Bize Ulaşın
viachristushizmetleri@gmail.com

ÖBÜR DOKUZU NEREDE? / LUKA 17:11:19

Maalesef Koronavirüs’ün ülkemizi esir aldığı bir dönemden geçiyoruz. Hastalık dünyayı etkilemiş durumda ve birçokları hâlâ karantina altında yaşamını sürdürüyorlar. Aslında karantina Kutsal Yazılar’a da çok uzak bir konu değildir. Bugün bir karantina olayına ve karantinadaki insanların tutumlarına bakacağız.

Okuma:

Yeruşalim’e doğru yoluna devam eden İsa, Samiriye ile Celile arasındaki sınır bölgesinden geçiyordu. Köyün birine girerken O’nu cüzamlı on adam karşıladı. Bunlar uzakta durarak, “İsa, Efendimiz, halimize acı!” diye seslendiler. İsa onları görünce, “Gidin, kâhinlere görünün” dedi. Adamlar yolda giderken cüzamdan temizlendiler. Onlardan biri, iyileştiğini görünce yüksek sesle Tanrı’yı yücelterek geri döndü, yüzüstü İsa’nın ayaklarına kapanıp O’na teşekkür etti. Bu adam Samiriyeli’ydi. İsa, “İyileşenler on kişi değil miydi?” diye sordu. “Öbür dokuzu nerede? Tanrı’yı yüceltmek için bu yabancıdan başka geri dönen olmadı mı?” Sonra adama, “Ayağa kalk, git” dedi. “İmanın seni kurtardı.”

—Luka 17:11-19

Samiriye ile Celile arasındaki sınır bölgesinden geçerken İsa bir köye doğru gidiyordu. Gittiği bölgede karşısına 10 tane cüzamlı kişi çıktığını görüyoruz. İsa’nın bu bölgede inanılmaz derecede bilinen birisi olduğunu unutmayalım. O, her gittiği yerde tanınıyordu. Onun için bu cüzzamlılar İsa’nın kim olduğunu biliyorlar. O’nun şifa veren gücünden haberdarlardı. Ve merhametli birisi olduğunu işitmişlerdi… Luka 5. bölümde yine başka bir cüzzamlı ile ilgili benzer bir hikâye vardır. Belki de buradaki 10 kişi o olayı biliyorlardı. Hastalık yüzünden çaresiz, zor durumda olan ve toplumun içerisine kabul edilmeyen insanlardır cüzzamlı olan kişiler, ve gidecekleri son kişi belki de İsa’ydı. İşin ilginç kısmı hikâyenin bu noktasında İsa’nın Samiriyeli olduğunu öğrendiğimiz bir kişi ile muhatap oluyor olmasıdır. İsa yarı Yahudi olarak söz edebileceğimiz ve Yahudilerce pek sevilmeyen bu kişilerle muhatap olmuştu. Hatta benzetmelerinin birinde Samiriyeli birisini hikâyenin başkahramanı yapmıştı (Luka 10:29-37). Onun için İsa’nın hassas konulara değindiğini görebiliyoruz. Bu konuya daha fazla değineceğiz. Cüzzamlı olan bir kişinin durumunu biraz canlandıralım isterseniz…

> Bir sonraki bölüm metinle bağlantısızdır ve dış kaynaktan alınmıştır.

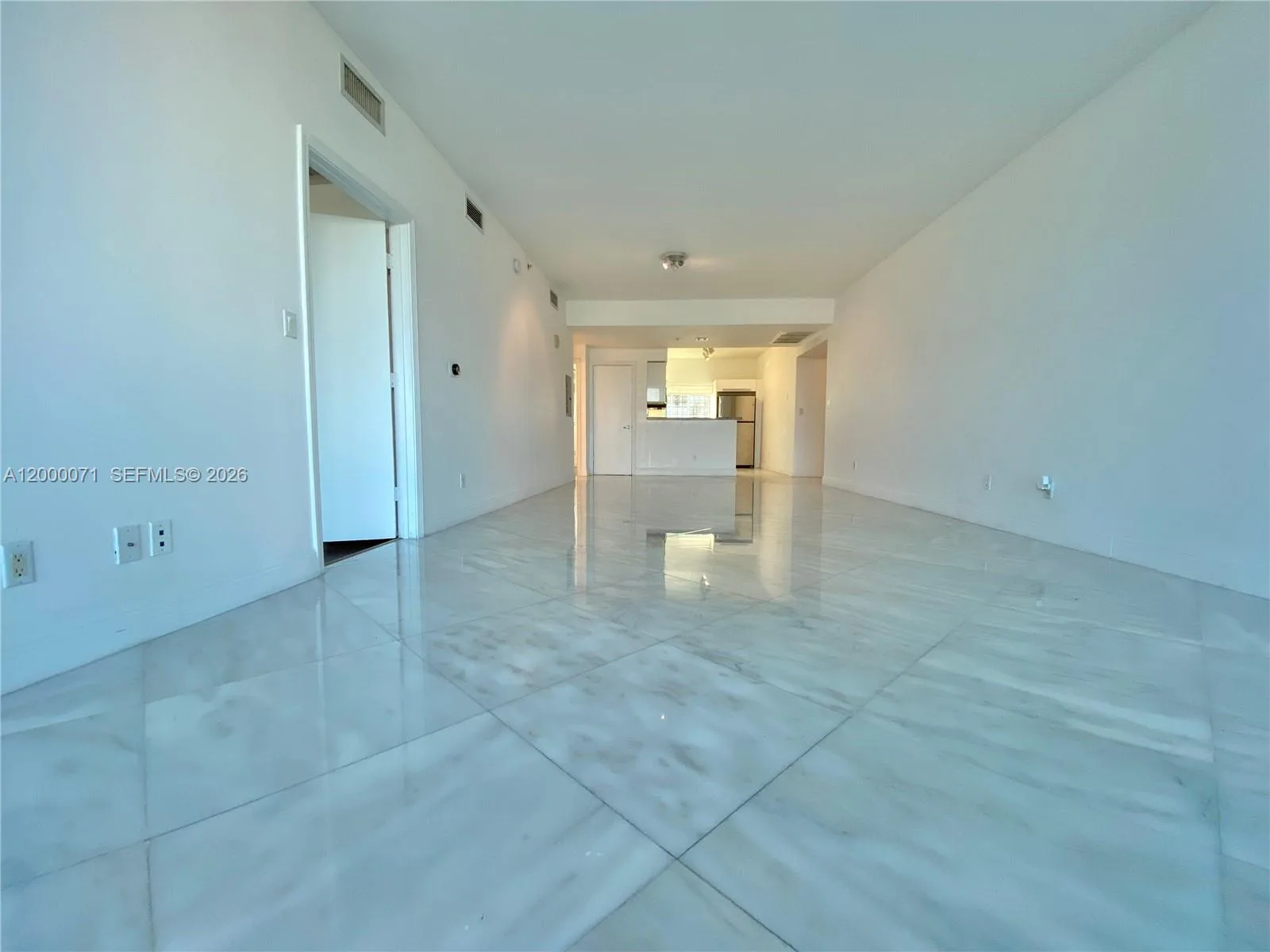 601 NE 36th St # 1103, Miami, FL 33137 photo 3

Bir sabah uyandığınızda vücudunuzun belli yerlerinde deforme olmuş bir cilt görürdünüz. Bunun ne hastalığı olduğunu anlamak için kâhine giderdiniz ve o size cüzzam olduğunuzu açıklardı. Yasa’ya göre bir süre sizi kapalı bir yerde tutarlardı. Bu süreçte hastalık geçecek mi, yoksa ölümcül ve bulaşıcı bir hâl alacak mı incelerdi. Tabii bu durumda ailenizden, eşinizden, çocuklarınızdan ayrılmak zorunda kalırdınız. Tam bir karantina başlangıç süreci gibi. Koronavirüs sürecinde benzer şekilde ailelerinden ayrı kalmak zorunda olanlar oldu, değil mi? İlk aşamada kişinin Korona olup olmadığı değerlendirildi, sonrasında da 14 günlük bir karantina süreci yaşandı. Hatta birçokları hâlâ yaşamaya devam ediyor. Cüzzamlı olduğunuzda da eğer hastalığınız ilerlediyse diğer insanlara hastalığı vermeyeceğiniz bir yere götürülürdünüz. Onlardan uzak bir bölgeye… Şehrin dışında yaşamak zorunda bırakılırdınız. Şüphesiz, cüzzam berbat bir hastalıktı: İlk önce yüzünüzün görünümü değişirdi. Büyükçe kabarcıklar çıkardı. Ardından yavaş yavaş vücudunuza yayılırdı. İnsanlar bu hastalığı sadece kendisine bulaştırabileceğini düşündüğünüzden değil aynı zamanda görüntünüzden ve kokunuzdan dolayı da size yaklaşmak istemezlerdi. Hastalık sadece görüntüde yoktu; aynı zamanda vücudunuzu yavaş yavaş yerdi, sonra parmaklarınızı kaybetmeye başlardınız. Cüzzamlı kişiler diğer insanların aralarına girmezlerdi. Gireceklerse de birçoğu bunu gizlice yapardı. Vücutlarını çok iyi bir şekilde sararlardı ki kimse onların cüzzam olduğunu anlamasın. Maalesef bu hastalığın herhangi bir çözümü yoktu. Eğer hastalık size illet olduysa en fazla 10 senelik ömrünüz kalırdı. Birkaç ay içerisinde artık yaşamak istemeyecek kadar kötü bir durumda olurdunuz zaten. Evinizden uzak, halsizlik ve acı içerisinde sadece sizin gibi cüzzamlıların olduğu bir yerde yaşamak zorunda kalırdınız.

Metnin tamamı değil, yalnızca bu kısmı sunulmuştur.